Information provided:
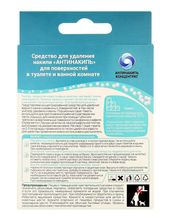 Очиститель "Антинакипь" для удаления налета и ржавчины 5*20г. ЛюбоДело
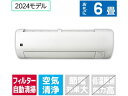 【マラソン限定★2000円クーポン&ポイント2倍】送料無料 シャープ【配送のみ・工事なし】6畳向け 自動お掃除付き 冷暖房エアコン e angle select プラズマクラスターエアコン VE4シリーズ Vシリーズ AY22SVE4S エアコン 配送のみ 工事なし 冷暖房 空調家電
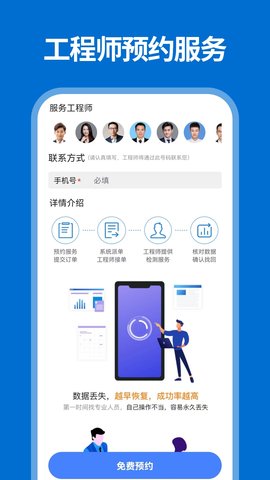 微聊天记录恢复大师 1.2.0 安卓版 1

Assignment: Return every line of the listing exactly, leaving its pictures behind.

Exercise response:
 Очиститель "Антинакипь" для удаления налета и ржавчины 5*20г. ЛюбоДело
 【マラソン限定★2000円クーポン&ポイント2倍】送料無料 シャープ【配送のみ・工事なし】6畳向け 自動お掃除付き 冷暖房エアコン e angle select プラズマクラスターエアコン VE4シリーズ Vシリーズ AY22SVE4S エアコン 配送のみ 工事なし 冷暖房 空調家電
 微聊天记录恢复大师 1.2.0 安卓版 1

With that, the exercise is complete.